Much of how you deal with helping a child cope when a friend moves away depends on the child’s age. For instance, if your child is young and is losing a best friend to a relocation, most experts recommend waiting until the time is near to discuss the move. Children under the age of seven, do not have a very good grasp on the concept of time and there is really no need in upsetting them months or weeks in advance. Plus, they will imagine the loss and feel the sadness longer than necessary. For older children, the news of a best friend or playmate moving away may come from the child that is moving himself rather than from the parents which can cause an unexpected upset on behalf of your child.
The following tips will help you help your child when a close friend moves away.
Remember that the loss your child will feel IS real, and you should be as compassionate as possible for as long as they need to grieve. Child experts say that children who are dealing with the loss of a friend in the form of moving can and will experience the same types of grief and anxiety that an older person may feel in the event of a death.
- Stay positive! Regardless of your child’s age, make sure that you make it clear that you will help them stay in touch with their friend. For younger children, it may be wise to show them on a map the distance of the move so that they can grasp the situation. Additionally remind your child that they will be able to talk, text, skype, email and connect online as often as possible. One of the great things about society today is that kids have umpteen ways to stay connected with people who are not physically present.
- Help your child stay interested in their other friends. When one friend moves, a child may be ultra focused on that one friend as they try to spend as much time with them as possible. This can make moving day even more difficult. Encourage your child to enlarge their social circle, and invite other kids over as well as the child that is moving in the interim period so they will realize that they will still have friends.
- Remind your child that the move will likely be more difficult for their friend, than for them. Try to give your child the role of being sympathetic toward their friend. Point out that it is the friend who will have to readjust to new surroundings, start a new school, make new friends etc.
- Talk with the friend’s parents about planning a visit if possible a few weeks after the move. This of course depends on the distance of separation and the age of the child. However, when kids realize that they will still get to see one another, and visit a new place in the process, it gives them something else to focus on rather than their own feelings of grief and loss. Sit down with the moving child’s parents to work out concrete arrangements if possible BEFORE the child moves away.
- Help your child create a friendship keepsake. This is something that the kids can do together, making a book or photo album for themselves and for their friend that is moving. This can become a treasured keepsake during times when your child is upset, and can be a wonderful reminder for the friend that has moved.

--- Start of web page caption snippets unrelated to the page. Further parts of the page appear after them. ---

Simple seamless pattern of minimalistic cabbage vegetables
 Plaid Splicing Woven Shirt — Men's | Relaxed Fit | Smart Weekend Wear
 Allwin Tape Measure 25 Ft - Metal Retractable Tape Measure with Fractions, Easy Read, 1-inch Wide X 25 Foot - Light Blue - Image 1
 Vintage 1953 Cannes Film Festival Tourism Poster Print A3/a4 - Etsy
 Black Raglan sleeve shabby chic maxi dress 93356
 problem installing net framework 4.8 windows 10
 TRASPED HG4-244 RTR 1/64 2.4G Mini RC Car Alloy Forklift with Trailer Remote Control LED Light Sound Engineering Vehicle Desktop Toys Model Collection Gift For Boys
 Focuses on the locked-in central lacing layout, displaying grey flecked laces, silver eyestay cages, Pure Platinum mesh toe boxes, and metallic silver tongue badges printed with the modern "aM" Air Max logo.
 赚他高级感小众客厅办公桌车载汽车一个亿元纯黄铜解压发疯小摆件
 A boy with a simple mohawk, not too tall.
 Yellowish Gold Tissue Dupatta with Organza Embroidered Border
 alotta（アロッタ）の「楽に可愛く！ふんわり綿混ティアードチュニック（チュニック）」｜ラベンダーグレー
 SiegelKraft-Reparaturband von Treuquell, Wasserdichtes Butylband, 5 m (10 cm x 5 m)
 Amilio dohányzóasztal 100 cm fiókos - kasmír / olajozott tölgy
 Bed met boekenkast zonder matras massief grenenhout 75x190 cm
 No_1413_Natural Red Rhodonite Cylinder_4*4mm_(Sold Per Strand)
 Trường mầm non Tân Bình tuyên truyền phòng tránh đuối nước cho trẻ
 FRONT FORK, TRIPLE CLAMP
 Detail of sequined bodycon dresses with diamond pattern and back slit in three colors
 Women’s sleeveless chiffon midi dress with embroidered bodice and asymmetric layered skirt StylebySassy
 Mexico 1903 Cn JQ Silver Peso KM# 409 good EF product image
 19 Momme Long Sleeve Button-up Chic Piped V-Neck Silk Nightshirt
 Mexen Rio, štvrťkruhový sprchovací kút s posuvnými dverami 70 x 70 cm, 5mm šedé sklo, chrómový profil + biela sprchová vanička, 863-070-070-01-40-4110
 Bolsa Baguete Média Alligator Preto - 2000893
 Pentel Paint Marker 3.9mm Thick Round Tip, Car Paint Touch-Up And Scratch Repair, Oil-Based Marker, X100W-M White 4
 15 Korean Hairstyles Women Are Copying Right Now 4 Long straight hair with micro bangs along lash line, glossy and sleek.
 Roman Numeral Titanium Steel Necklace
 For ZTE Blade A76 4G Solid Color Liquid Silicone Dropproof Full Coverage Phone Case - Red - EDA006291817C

- Despite the numerous ways that people stay in touch, recommend that your child and his or her friend exchange a weekly diary. They can each have the diary for a week and write down everything that they have been doing, then email or mail it to their friend so he or she can do the same. This gives them something positive to keep busy during the week and helps them feel connected to their friend that has moved.
- Help your child feel connected after the move. While your child may suffer through times of extreme sadness, grief and loss you should do everything possible to keep them as socially active as possible. This can be a great time to sign them up for a sport or special interest program. Busy is the key. The more time they spend doing things with other children, the less time they will have to feel sorry for one another.
- Allow your child to feel the many different emotions, from anger to despair and from grief to sorrow, that are normal. Although there is nothing that you can do to change the circumstances, you CAN be there to support your child. Whatever you do, avoid minimizing the situation, which will make your child think that you don’t care.
- Make sure your child understands why their friend is moving. For many military families, moving is a natural and normal part of life. When your child realizes that the family is moving away because they have to, or because of a job they might be better equipped to handle the move as maturely as possible. This can help to diffuse some of the anger and resentment that they may feel about the move.
- Certainly, you have experienced a close friend or family member moving away in your own life. Draw some of your compassion from that experience, and share with them the ways that you have remained close and connected despite a geographical distance. This also shows your children that you really DO understand how they feel.